_TASK GOAL_.
Reproduce, exactly and in full, only the lines below from the one containing "Women's Linen Maxi Dress - Blue Leaf Print" through the one containing "Calções havaianos para".

_INPUT FOR THIS TASK_.
------------------------------------------------------------

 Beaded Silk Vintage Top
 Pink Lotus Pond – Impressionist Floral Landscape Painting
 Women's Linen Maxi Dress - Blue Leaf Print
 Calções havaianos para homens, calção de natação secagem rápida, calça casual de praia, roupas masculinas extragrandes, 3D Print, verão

------------------------------------------------------------

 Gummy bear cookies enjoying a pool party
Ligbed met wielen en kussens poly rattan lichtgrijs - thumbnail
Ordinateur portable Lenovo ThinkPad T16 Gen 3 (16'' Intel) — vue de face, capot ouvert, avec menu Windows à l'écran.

------------------------------------------------------------

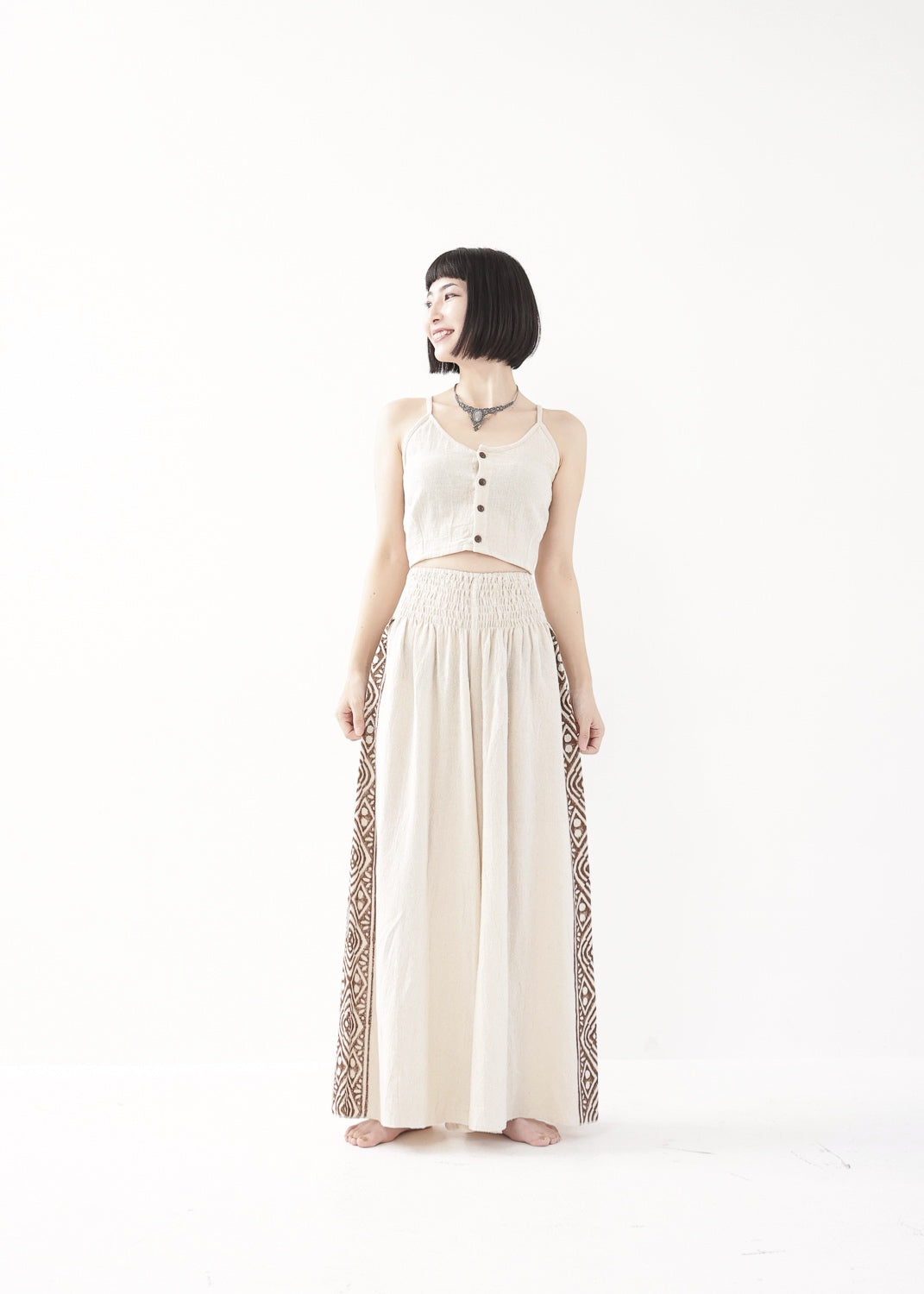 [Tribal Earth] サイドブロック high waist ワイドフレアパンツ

------------------------------------------------------------

_SOLUTION FOR THIS EXERCISE_.
 Women's Linen Maxi Dress - Blue Leaf Print
 Calções havaianos para homens, calção de natação secagem rápida, calça casual de praia, roupas masculinas extragrandes, 3D Print, verão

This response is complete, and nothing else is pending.